I HAVE enjoyed riding with the 'punchy' kids... (That apparently means something very different here than other places. Punchy HERE means extremely b.a.). It was challenging and they were fun and the risks they took, that I took as well, have given me more confidence in myself and my horse. The cool thing about them is that where we ride, there's options. You don't HAVE to take the steep creek bank down or up, there's another route nearby if you want something easier for your horse and you. I found myself taking the more...advanced... trails. I'd ride with them again in a heartbeat.


I've ridden with pretty chill people, young people, who laughed and had a relaxed, good time and would consider a lot of things Just a Horse, being a Horse, rather than something to beat the horse for. This would be B & H who seemed to always have a beginner rider with them, so the Old Man also got put into service - Supes has taught several young people how to ride or just putz around and enjoy the scenery. They were the ones that helped me learn to relax and let Trigger find his own pace without being all up in his mouth, nagging him to lag along.

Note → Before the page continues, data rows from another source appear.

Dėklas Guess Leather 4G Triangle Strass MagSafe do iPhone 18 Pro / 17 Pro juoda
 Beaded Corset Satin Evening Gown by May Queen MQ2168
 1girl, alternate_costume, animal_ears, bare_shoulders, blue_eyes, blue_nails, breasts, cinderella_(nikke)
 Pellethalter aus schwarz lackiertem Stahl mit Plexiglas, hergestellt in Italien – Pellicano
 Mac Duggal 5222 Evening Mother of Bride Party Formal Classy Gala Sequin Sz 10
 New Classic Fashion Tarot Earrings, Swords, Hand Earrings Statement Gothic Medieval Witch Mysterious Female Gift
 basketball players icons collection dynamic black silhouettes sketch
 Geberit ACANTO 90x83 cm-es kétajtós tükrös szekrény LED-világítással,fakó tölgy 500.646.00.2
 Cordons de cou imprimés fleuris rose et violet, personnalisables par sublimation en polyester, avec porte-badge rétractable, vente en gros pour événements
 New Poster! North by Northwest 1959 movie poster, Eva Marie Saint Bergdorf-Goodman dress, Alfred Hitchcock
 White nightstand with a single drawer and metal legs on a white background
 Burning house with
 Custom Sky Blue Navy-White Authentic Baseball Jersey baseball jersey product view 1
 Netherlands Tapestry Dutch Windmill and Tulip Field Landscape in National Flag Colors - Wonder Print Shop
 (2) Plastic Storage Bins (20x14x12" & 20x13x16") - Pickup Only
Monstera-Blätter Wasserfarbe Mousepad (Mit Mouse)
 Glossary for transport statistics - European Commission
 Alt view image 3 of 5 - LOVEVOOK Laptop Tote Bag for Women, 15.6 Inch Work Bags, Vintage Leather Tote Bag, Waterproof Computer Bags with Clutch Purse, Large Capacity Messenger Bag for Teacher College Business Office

My current group are mostly all women about my own age. Some bring along their own young daughters or grandchildren, one is probably in her late 60s, early 70s, but I don't dare ask, that's just rude. They all ride either their own barrel horse (To keep him sane, they say) or ponies, and Trigger and I usually are in the lead, and CAN out walk them. Usually we're about 20 yards ahead, though he's settled down enough to usually only keep us about 20 feet ahead lately. If we get too far ahead, we turn, trot or lope back. That seems to keep him calm - he has an outlet for pent up energy without the opportunity to bolt back home.


With the exception of the accident this past weekend that I've mentioned in another thread, we don't usually have any silliness or upset. Sometimes there's as many as five or six of us, sometimes it's just me and my friend, sometimes its me, her, and her 7 year old daughter. It's working out well - though I worried my friend's hot/reactive barrel horse, Peso, would feed that into Trigger on the trail (Peso has a lot of OMG IT WILL EAT ME moments when it's just a log and it's the same log he's seen repeatedly over the course of several rides). SO FAR Trigger just gets alert, lookie loos, maybe gets a little antsy, then relaxes with a word or a scratch on his neck from me. A lot of times we end up having to take the lead when Trigger has been content to be second behind Peso, just to encourage Peso that no, that log/stump/shadow is not going to eat you, sir.


Hubs... I LOVE riding with him, but I have to watch him. LOL He likes to 'accidentally' smack Trigger on the rump with the reins - never hard, but a wink is as good as a nod with Trigger and he thinks it's ME popping him. I've actively cussed my man for that. He'll also trot up and pace us and try to get Trigger to pace Gina and trot when I don't want him to... then he shoots me a shish eating grin and says: You gotta learn to control your horse! It's all been great for learning though and pushing my boundaries in terms of comfort.


----------



## AnitaAnne (Oct 31, 2010)

Will add when riding in the mountains here, there is no phone service and sometimes no one at the trailhead. So I do prefer to ride with at least one other person. Finding the other person is the hard part!!! 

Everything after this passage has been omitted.